::: PROVIDED MATERIAL

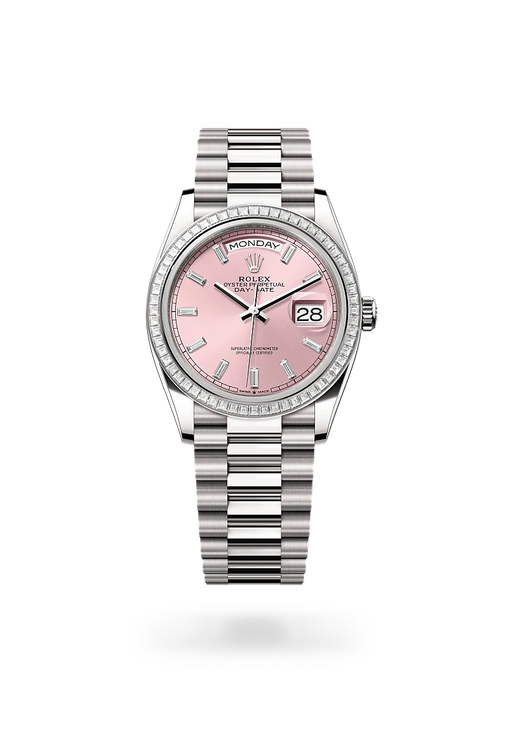 Rolex Day-Date 36
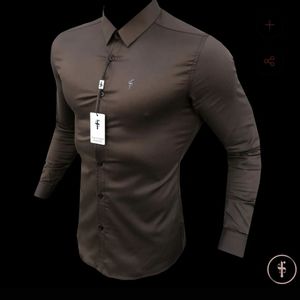 Father Sons Men's Slim Fit Button Down Shirt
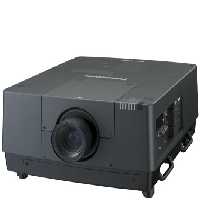 ویدئو پروژکتور پاناسونیک مدل ای ایکس 16 کی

::::::

§ **TASK TO CARRY OUT**
For this exercise, output only the lines from the one bearing "Father Sons Men's Slim Fit Button Down Shirt" to the end of the material above, exactly as written, with pictures left out.

§ **RESULT OF THIS TASK**
 Father Sons Men's Slim Fit Button Down Shirt
 ویدئو پروژکتور پاناسونیک مدل ای ایکس 16 کی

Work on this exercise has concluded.